Bukan saatnya lagi perempuan menye-menye. Perempuan harus tangguh, harus berani bersuara, harus berani melawan. Kejadian tersebut kamu alami di sekolah, kampus, kantor, atau angkutan umum? LAPOR! Minta seorang teman untuk menemani kamu menghadap ke guru BK atau siapa pun yang berwenang. Setelah itu, LAWAN! Kita perlu belajar bela diri, nih. Hm, karate, thifan, taekwondo? You name it.
Pokoknya, kalau di jalan, kita nggak boleh masang tampang loyo, lemah, dan polos. Pasang tampang galak atau acuh tak acuh aja, nggak apa-apa, kok. Pokoknya cari cara supaya kita tidak jadi sasaran empuk godaan laki-laki.

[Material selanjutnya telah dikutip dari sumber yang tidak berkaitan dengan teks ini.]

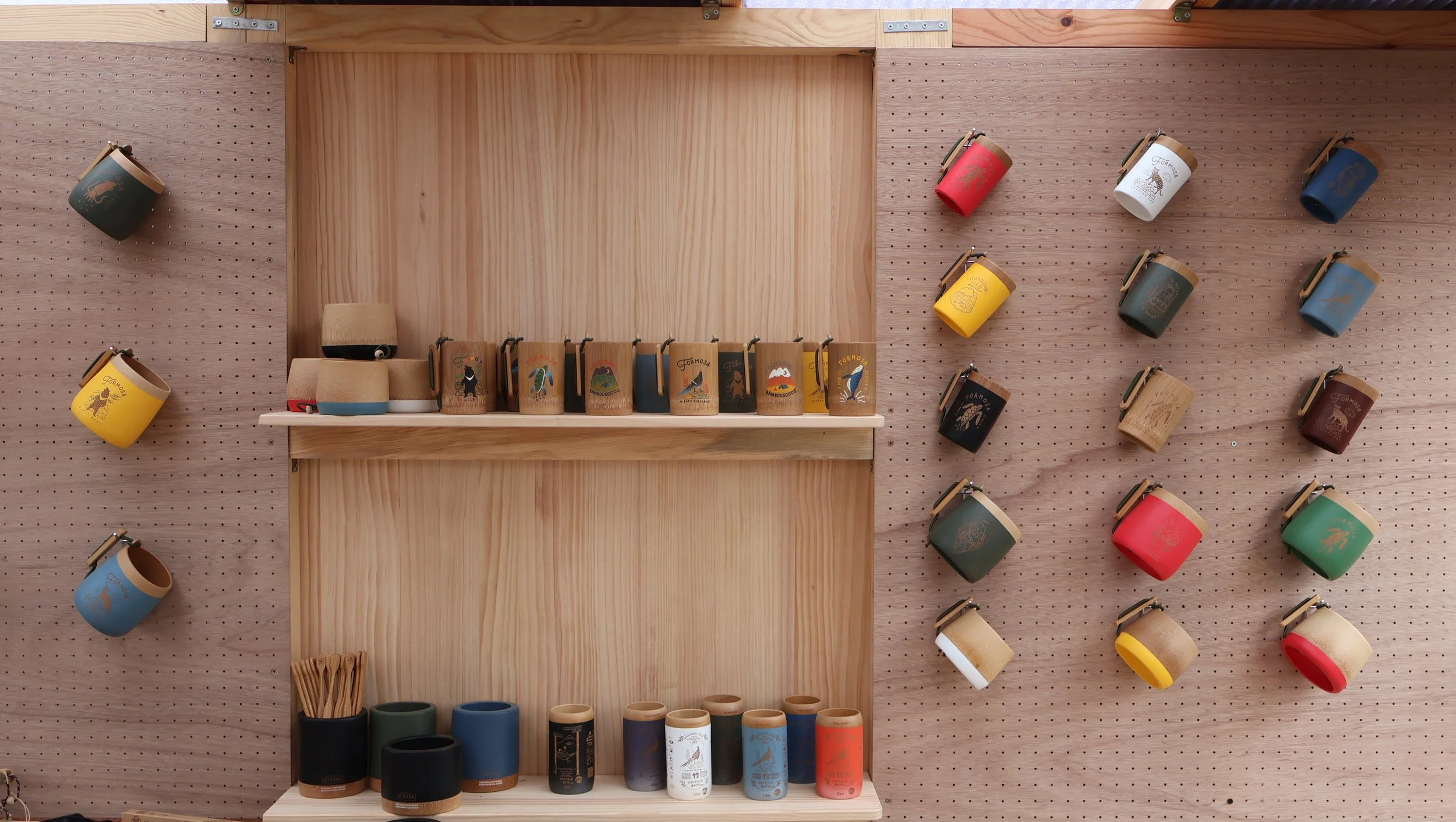 Cups, toothbrushes, and everyday goods made from Taiwanese bamboo — proof that sustainable materials don't have to compromise on feel or function.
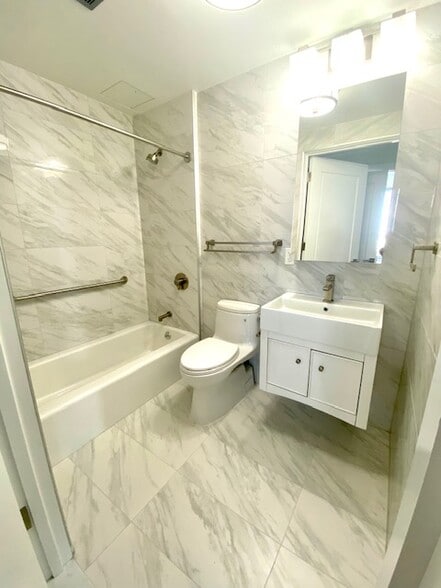 More Photos Of 1613 Mermaid Ave, Brooklyn Apartments For Sale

Standing applause buat ibu dalam cerita tadi karena membela anaknya mati-matian! Semoga perempuan-perempuan Indonesia juga berani bersuara demi membela haknya sebagai perempuan. Kita butuh dihargai, bukan? Masa depan suatu generasi bergantung pada wanita-wanitanya. Maka dari itu, kita perlu menjaga, menghormati, dan melestarikan wanita. (Kau kira ini hewan langka, Nad? Wuakakak, canda!) Intinya, hargailah wanita, kawan. :')
Salam,
Nadia Almira Sagitta
Nadia Almira Sagitta
Hai Nadia,
ReplyDeleteKenalin, Aku Elwi, Asisten Kampanye Divisi Partisipasi Masyarakat Komnas Perempuan. Tulisanmu ini bagus sekali, penulisannya enak dibaca, dan juga sangat informatif.
Sekedar tambahan, Komnas Perempuan mencatat di tahun 2014, ada 293.220 kasus Kekerasan terhadap Perempuan yang dilaporkan. Namun, rata-rata hanya 1 dari 8 perempuan korban kekerasan yang berani melaporkan kasusnya. Setidaknya ada 3 faktor utama mengapa perempuan korban diam, yakni: takut, malu dan tidak tahu harus melapor ke mana.
Komnas Perempuan terus dorong agar korban tidak mendiamkan kasusnya, diam tidak selamanya emas.